Most important of all is that the Islam of sharia mandates legal inequality between Muslims and non-Muslims, and between men and women. Sharia also imposes barbaric, mutilating punishments for theft, flogging for "fornication" and the death penalty for adultery, apostasy, homosexuality and, in some cases, slander/blasphemy. For those who do not accept the rule of Islam, sharia is a supremacist, violently expansionist doctrine that requires every Muslim to participate in jihad, which is "warfare to spread the religion."
Clearly, then, CAIR, which was named by the Department of Justice an unindicted co-conspirator in the 2008 Holy Land Foundation HAMAS terror funding trial, is presenting a misleading impression of Michigan's "Restriction of Application of Foreign Laws Act" and also concealing its real reasons for opposing it.
This kind of deliberate dissimulation is called taqiyya and is often used by adherents of sharia to deceive the non-Muslim (infidel or kafir). Quite helpful for everyone, however, is the unintended way that CAIR provides a revealing look inside the operations of the Muslim Brotherhood in America as it seeks to protect the insinuation of sharia provisions into the U.S. legal system.
As a careful reading of Michigan's House Bill No. 4769 will confirm, this legislation actually provides assurance that American Muslim families are afforded the same constitutional protections and liberties as other Americans. Unfortunately, as a June 2011 Center for Security Policy study demonstrated, Islamic law (sharia) is present already in the U.S. legal system in a significant way.
The data presented in the "Shariah Law and American State Courts: An Assessment of State Appellate Court Cases" study documented a total of 50 cases from 23 different states involving a "conflict of law" between sharia and American state law. Sharia-based legal conventions or decisions from 16 foreign countries had been brought to bear upon these 50 cases.
Muslim Americans, many of whom came to the U.S. to escape the oppressive rule of sharia in their home nations, are no less deserving of the protections of American law than other Americans born into the privilege of living in a free country where faith and state are kept separated by law.
Liberty-and-equality-protecting legislation like Michigan's House Bill No. 4769 already has been passed in Arizona, Kansas, Louisiana and Tennessee and has been introduced in more than 20 more states, including Michigan. Emails, letters and phone calls from constituents in these states to state legislators can help to ensure passage for such measures. Residents of Michigan can contact their state representatives here.

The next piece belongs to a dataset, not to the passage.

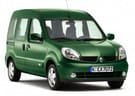 Коврики на Renault Kangoo I 1997 - 2018 в Екатеринбурге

Ironically, CAIR spokesman Ibrahim Hooper himself supports the intent behind this legislation when it serves his purposes. When a Muslim woman working in Washington, D.C.'s Dulles International Airport for Aerotek, a local staffing agency for Air France, was told she could not wear her hijab to work because it was against Air France's uniform policy, Hooper was quoted as saying:
"Our position is that no company doing business in America has the obligation to enforce discriminatory foreign policies on American employees," he said. "A discriminatory dress code implemented in France does not supersede American laws protecting the religious rights of American citizens."
Mr. Hooper, we couldn't agree more. Perhaps you could mention this to the folks in Michigan.